The Orchestrator is the configuration and run-time management system for POETS platforms.
1 stars 1 forks source link

Placement error from "rand" placer #304

Open m8pple opened 2 years ago

m8pple commented 2 years ago

When trying to place a graph using the "rand" method, the following error shows up:

POETS> 14:20:53.71: 309(I) Attempting to place graph instance 'blurble' using the 'rand' method...
POETS> 14:20:53.71: 304(W) Unable to place graph instance 'blurble' - we tried, but an integrity check failed. You should shout at MLV (or whoever wrote the algorithm you're trying to use). In the short term, consider resetting the placer, and trying a different algorithm. Details: [ERROR] Use of algorithm 'rand' on application graph instance 'blurble' from file '/home/dt10/poets-dpd/experiments/orch-scaling/inputs/stationary_water_14x14x14_8192.xml' resulted in some normal devices not being placed correctly. These devices are:
 - rr

This appears to happen for graphs over a certain size. For smaller graphs it completed, for larger graphs the same error. This was approximately the first graph size where it failed.

Context

mvousden commented 2 years ago

I can't reproduce this (hohoho). That said, I have a few thoughts.

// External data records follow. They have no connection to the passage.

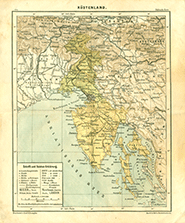 1874 LAndkarte Küstenland Monarchie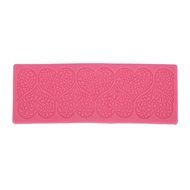 KookieMonsta 8 Heart Pattern Cake Decorating Mold Fondant Lace Mold Mat for Sugarcraft Decoration N2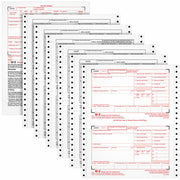 TOPS Carbonless Standard W-2 Tax Forms - 6 Part - Carbonless Copy - 5.50" x 8.50" Sheet Size - White Sheet(s) - 24 / Pack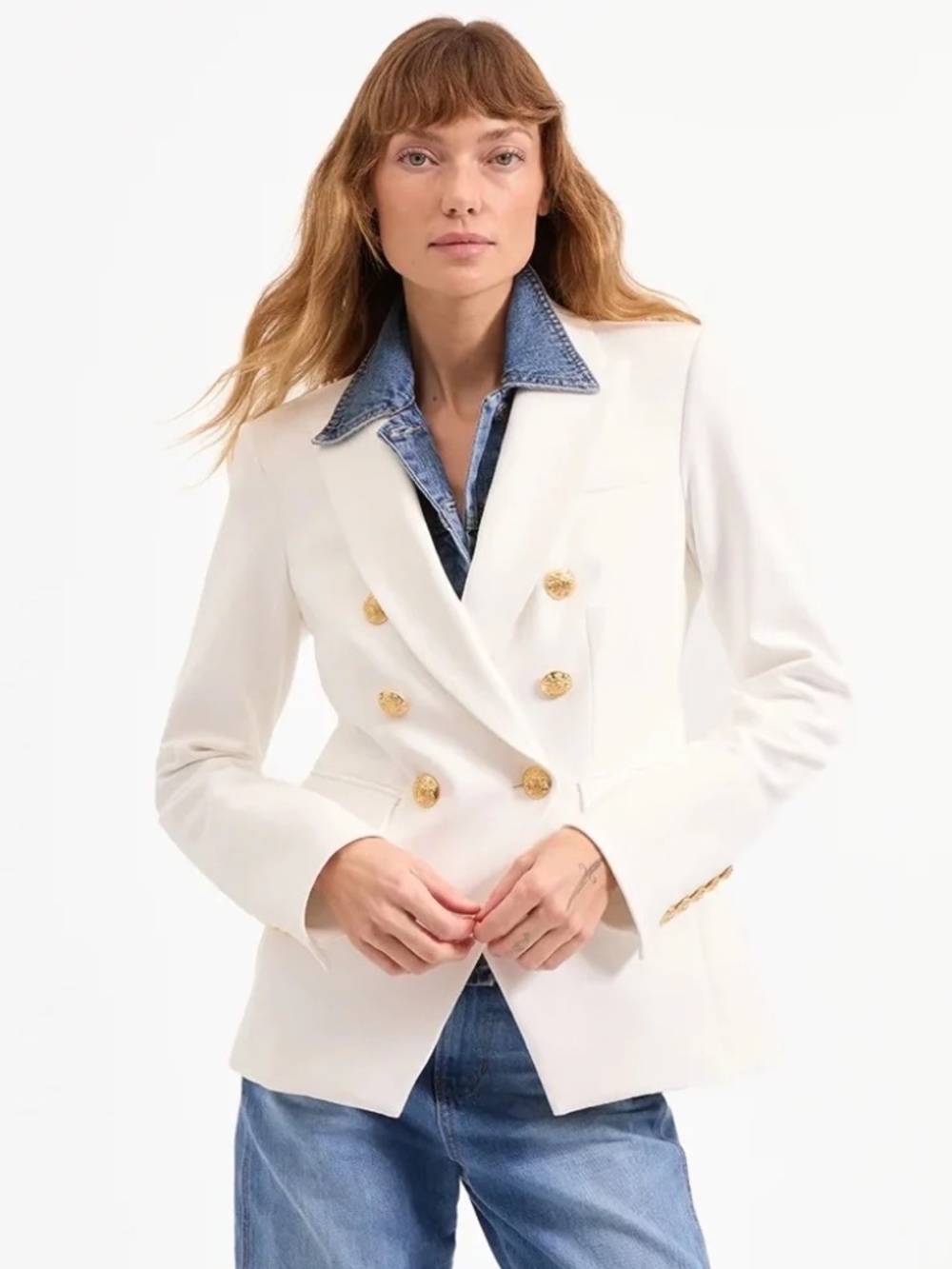 Veronica Beard Miller Dickey Jacket in Off-White Sz 4 NWT Sold Out Everywhere!!!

The random algorithm works in the following way (with implementationy bits in parentheses):

  1. For each device type, create a set of cores that could be used to house a device of that type. Recall that each core pair cannot house devices of different types. (This map is defined by Placer::define_valid_cores_map)
  2. For each device in the device graph, iterated in the order they are declared in the graph instance: a. Ignore that device if it is not a normal device (i.e. continue). b. If the set for devices of this type is empty, leave and let the integrity checker clean up (literally return -1). c. Choose a core at random from the set. d. For each thread in the selected core, if the selected thread has space, or has no other constraint that forbids the selected device from being placed upon it, go to "f". If no threads are legal, go to "e". e. Remove the selected core from the set, and go to "b". f. Place the selected device on the selected thread. g. Remove the selected core from each other set in the device type map we defined in "1".
  3. Redistribute each device in each core such that each thread is evenly loaded (calling Placer::redistribute_devices_in_gi)

Based off this, I think the ff device is being left until the end, at which point there are no cores available for it, because it is of a different device type.

Solutions:

Workarounds:

mvousden commented 2 years ago

Also, the error message in this case is pretty unhelpful - need to refactor that.

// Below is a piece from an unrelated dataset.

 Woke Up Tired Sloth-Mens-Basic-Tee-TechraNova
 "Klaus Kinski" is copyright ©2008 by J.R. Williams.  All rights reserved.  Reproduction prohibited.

heliosfa commented 2 years ago

Allow the algorithm to "reserve" certain cores for certain device types (a bit like what the spread method does). This would make the algorithm "less random" however, so is undesirable.

One way I can think to keep the randomness is to introspect the number of device types that are actually used in the graph (not just declared) to work out how many sets of cores are needed and what the max/min number of cores should be, e.g. 1 set per type with minimum 1 and maximum something sensible. Allocate cores randomly to the sets. These sets then replace the set from step 1.

m8pple commented 2 years ago

Put ff at the top of your DeviceInstances element in your application XML.

This application-specific workaround allows random to place correctly.